Mike Flanagan is certainly a busy man these days, and he recently spoke to ‘Arrow In The Head’ about his next two projects for Netflix. First up for discussing was Midnight Mass which will follow:
An isolated island community that experiences miraculous events — and frightening omens — after the arrival of a charismatic, mysterious young priest.
“It’s a limited series [currently set for seven episodes], but it might end up being more than that; I don’t know yet. Midnight Mass is kind of my baby; I’ve been working on that for six years. I started writing it while Oculus was in preproduction, and it’s a very personal, scary little story. For years, I’ve sat on it and waited for the right moment; for a while I was like, ‘No one’s going to make Midnight Mass, no one will let me do it,’ and now they’ll let me do it, so I’m going to go do it while I can!”
On top of directing all seven episodes of this new Netflix horror series, Flanagan will also serve as an executive producer alongside Trevor Macy.
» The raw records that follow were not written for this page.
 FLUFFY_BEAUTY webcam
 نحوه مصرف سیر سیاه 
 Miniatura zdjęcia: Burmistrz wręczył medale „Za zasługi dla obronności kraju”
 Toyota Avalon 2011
And then Netflix and Flanagan also have the second season of The Haunting Of Hill House aka The Haunting Of Bly Manor heading our way in 2020. The second season will be an adaptation of Henry James’ The Turn of the Screw and will begin filming in Vancouver on September 30th.
“We’re looking at all the ghost stories of Henry James as the jumping-off point for the season, so it very much is a whole new deal. It’s a cool way to expand on some of the things I loved about season one, but within the framework of a new story, without having to be restrained by the decisions we made last time. For Henry James fans, it’s going to be pretty wild, and for people who aren’t familiar with his work, it’s going to be unbelievably scary. I already think it’s much scarier than season one, so I’m very excited about it.”
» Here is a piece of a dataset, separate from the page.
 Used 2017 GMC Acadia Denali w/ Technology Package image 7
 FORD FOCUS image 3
The Turn of the Screw has already been adapted several times, most notably in 1961 as The Innocents which I personally rank as one of the top ten horror films of all time and certainly the finest ghost movie. I’ve been very sceptical as to what this new version of a very small-scale and highly psychological story can bring to the table, but expanding it to incorporate other Henry James material is certainly an interesting idea.